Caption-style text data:
=======

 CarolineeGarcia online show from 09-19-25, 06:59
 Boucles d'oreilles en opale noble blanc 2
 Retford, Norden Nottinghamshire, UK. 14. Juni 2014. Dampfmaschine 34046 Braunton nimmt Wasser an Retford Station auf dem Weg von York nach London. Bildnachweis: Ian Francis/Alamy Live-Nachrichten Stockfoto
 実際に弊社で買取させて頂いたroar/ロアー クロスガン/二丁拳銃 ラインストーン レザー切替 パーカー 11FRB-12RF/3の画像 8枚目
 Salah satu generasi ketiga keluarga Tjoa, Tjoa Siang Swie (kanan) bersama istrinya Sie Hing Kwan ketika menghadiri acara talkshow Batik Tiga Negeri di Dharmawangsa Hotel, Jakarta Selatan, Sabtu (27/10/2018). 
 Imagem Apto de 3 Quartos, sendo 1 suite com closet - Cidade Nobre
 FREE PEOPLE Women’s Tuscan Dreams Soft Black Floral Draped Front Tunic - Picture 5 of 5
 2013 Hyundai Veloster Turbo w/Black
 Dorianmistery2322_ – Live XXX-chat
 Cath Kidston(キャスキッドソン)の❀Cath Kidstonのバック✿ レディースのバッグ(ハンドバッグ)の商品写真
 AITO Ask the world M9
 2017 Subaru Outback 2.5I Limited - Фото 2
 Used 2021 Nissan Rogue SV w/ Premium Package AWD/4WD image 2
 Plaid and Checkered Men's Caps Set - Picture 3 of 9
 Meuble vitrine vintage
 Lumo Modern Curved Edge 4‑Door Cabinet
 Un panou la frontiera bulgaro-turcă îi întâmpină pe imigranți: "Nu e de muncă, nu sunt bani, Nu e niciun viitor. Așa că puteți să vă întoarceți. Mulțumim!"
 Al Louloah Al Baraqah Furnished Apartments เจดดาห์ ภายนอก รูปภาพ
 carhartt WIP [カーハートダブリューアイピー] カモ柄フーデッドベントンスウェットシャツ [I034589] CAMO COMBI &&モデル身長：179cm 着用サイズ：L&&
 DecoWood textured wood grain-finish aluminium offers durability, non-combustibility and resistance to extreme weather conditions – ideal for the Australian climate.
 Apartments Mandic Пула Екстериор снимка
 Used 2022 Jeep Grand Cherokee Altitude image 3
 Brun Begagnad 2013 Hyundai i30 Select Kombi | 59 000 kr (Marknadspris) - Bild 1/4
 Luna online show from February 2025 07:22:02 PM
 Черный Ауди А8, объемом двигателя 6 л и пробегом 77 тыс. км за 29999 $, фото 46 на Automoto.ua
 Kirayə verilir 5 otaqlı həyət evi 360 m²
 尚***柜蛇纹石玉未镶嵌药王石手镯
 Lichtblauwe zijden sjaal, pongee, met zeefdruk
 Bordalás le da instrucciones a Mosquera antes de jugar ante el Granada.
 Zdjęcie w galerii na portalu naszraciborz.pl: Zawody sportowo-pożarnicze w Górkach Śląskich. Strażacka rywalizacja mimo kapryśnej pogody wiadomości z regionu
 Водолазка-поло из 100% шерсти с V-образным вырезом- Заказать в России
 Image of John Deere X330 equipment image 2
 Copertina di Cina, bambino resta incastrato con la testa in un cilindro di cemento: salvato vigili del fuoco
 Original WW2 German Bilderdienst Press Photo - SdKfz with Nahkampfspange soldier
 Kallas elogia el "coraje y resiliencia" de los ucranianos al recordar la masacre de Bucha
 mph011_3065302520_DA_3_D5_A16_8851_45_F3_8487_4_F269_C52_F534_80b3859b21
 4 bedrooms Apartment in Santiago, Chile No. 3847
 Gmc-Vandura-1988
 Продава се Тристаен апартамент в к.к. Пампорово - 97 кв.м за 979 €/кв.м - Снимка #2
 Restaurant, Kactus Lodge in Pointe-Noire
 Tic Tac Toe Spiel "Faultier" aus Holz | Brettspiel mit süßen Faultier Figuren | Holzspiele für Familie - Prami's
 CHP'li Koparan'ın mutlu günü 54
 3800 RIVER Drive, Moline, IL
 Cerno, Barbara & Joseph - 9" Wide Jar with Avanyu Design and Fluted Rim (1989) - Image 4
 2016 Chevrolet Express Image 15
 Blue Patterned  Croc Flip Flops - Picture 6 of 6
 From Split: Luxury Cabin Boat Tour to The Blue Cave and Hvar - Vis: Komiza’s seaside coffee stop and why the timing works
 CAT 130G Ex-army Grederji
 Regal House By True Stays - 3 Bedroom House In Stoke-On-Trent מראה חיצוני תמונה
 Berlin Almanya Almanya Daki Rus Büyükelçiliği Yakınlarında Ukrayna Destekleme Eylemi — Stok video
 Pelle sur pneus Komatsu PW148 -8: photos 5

=======

Check every line of the records above for the string "online". Copy those that hold it.

◆ Task output
 CarolineeGarcia online show from 09-19-25, 06:59
 Luna online show from February 2025 07:22:02 PM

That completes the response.